Case Brief: Concepcion v CA

G.R. No. 120706 January 31, 2000

RODRIGO CONCEPCION, petitioner,

vs.
COURT OF APPEALS and SPS. NESTOR NICOLAS and ALLEM NICOLAS, respondents.

Facts:
Nestor Nicolas and Allem Nicolas, the respondents, resided in an apartment leased to them by the owner thereof, Florence “Bing”Concepcion”. The Nicolas spouses were engaged in business of supplying office equipment appliances and other fixtures, and Florence Concepcion joined this venture by contributing capital to the business and sharing with the earned profit thereafter.

Sometime in the second week of July 1985, petitioner Rodrigo Concepcion, brother of the deceased husband of Florence, angrily accosted Nestor at his apartment and accused him of conducting an adulterous relationship with Florence. To clarify matters, Nestor went with Rodrigo to see some members of Conception family to clarify everything, but the family members including Florence denied knowledge of such affair. Thereafter, however, Rodrigo called Florence over the phone reiterating his accusation and gave some death threats to her.
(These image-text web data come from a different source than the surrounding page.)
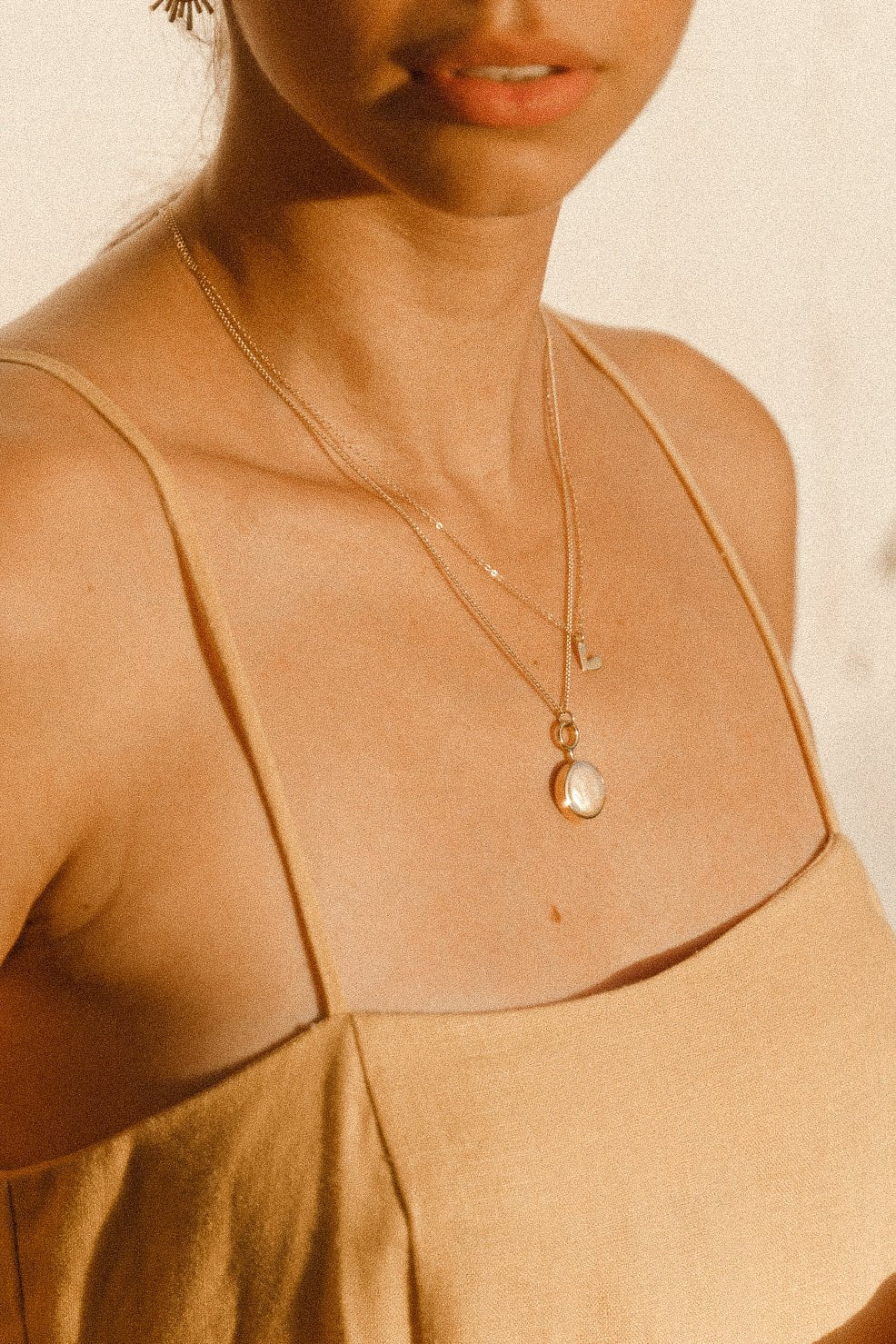 Perla Necklace - MUNS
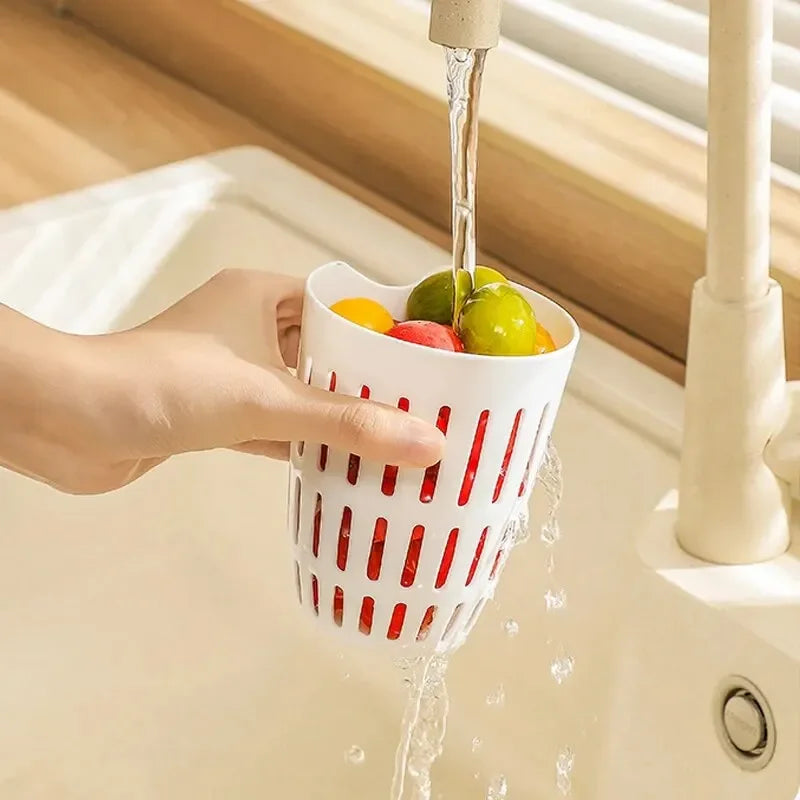 Avtoit | Long Lasting Portable Drain Fruit Cup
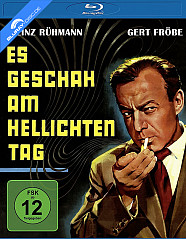 Es geschah am hellichten Tag (1958) (Remastered Version) Blu-ray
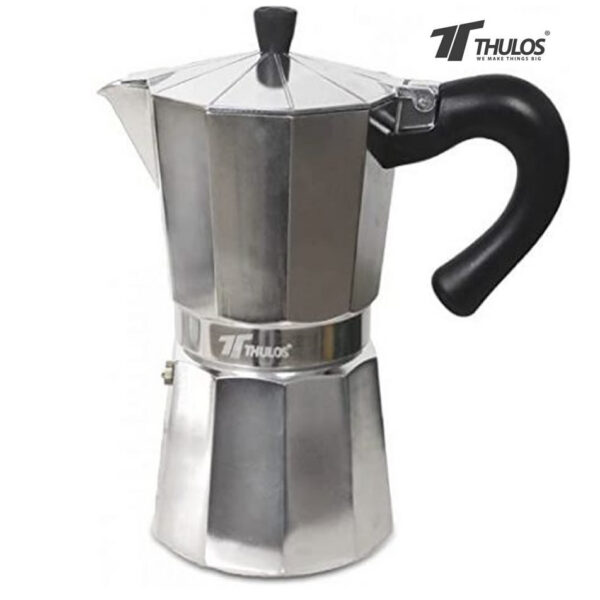 CAFETERA ITALIANA THULOS 3 TAZAS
As a result of the incident, Nestor Nicolas felt extreme embarrassment and shame. Florence Concepcion also ceased to do business with him by not contributing capital anymore so much so that the business venture of the Nicolas spouses declined. Additionally, Allem Nicolas started to doubt Nestor’s fidelity. As such, petitioned Rodrigo to express a public apology and pay the damages. Rodrigo ignored the demand, which caused the Nicolas spouses to file a civil suit against him for damages.

Issues:
1. Whether there is basis to review the facts which are of weight and influence by which were overlooked and misapplied by the respondent appellate court.
2. Whether there is basis in law for the award of damages to private respondents, the Nicolas spouses.

Held:
1. Yes.
Originally, petitioner alleged that certain facts and circumstances of the case were manifestly overlooked by respondent court on the grounds that the trial judge who penned the decision was in no position to observe first-hand the demeanor of the witnesses of respondent spouses as he was not the original judge who heard the case.
The Supreme Court contends that petitioner did not give any sufficient reason to engender doubt as to the factual findings of the court. The fact that the case was handled by different judges brooks no consideration at all. The Supreme Court accords the highest respect to the evaluation made by the lower court of the testimonies of the witnesses presented before it, and that it can be fairly assumed under the performance of duties of public officers that the transcripts of stenographic notes were thoroughly scrutinized and evaluated by the judge himself.

2. Yes.
Petitioner originally claimed that the lower courts were without legal basis to justify its verdict as it does not fall under Arts. 26 and 2219 of Civil Code since it does not constitute libel, slander, or any other form of defamation, nor involve prying into privacy of another’s residence or meddling with or disturbing the private life or family relation of another.
The Supreme Court rejected the petitioner’s contention that no legal provision supports such award for damages. It is understandable that the incident charged of petitioner was no less than an invasion of right of the respondent, Nestor, as a person. Under this article, the rights of persons are protected, and damages are provided for violations thereof. The violations mentioned in the codal provisions are not exclusive but are merely examples and do not preclude other similar or analogous acts. Due to the incident, respondent Nestor Nicolas suffered mental anguish, besmirched reputation, wounded feelings and social humiliation as a proximate result of petitioner’s abusive, scandalous and insulting language. As such, the Supreme Court held that the incident clearly falls under the aforementioned articles and the person who violated those rights should be liable of the damages.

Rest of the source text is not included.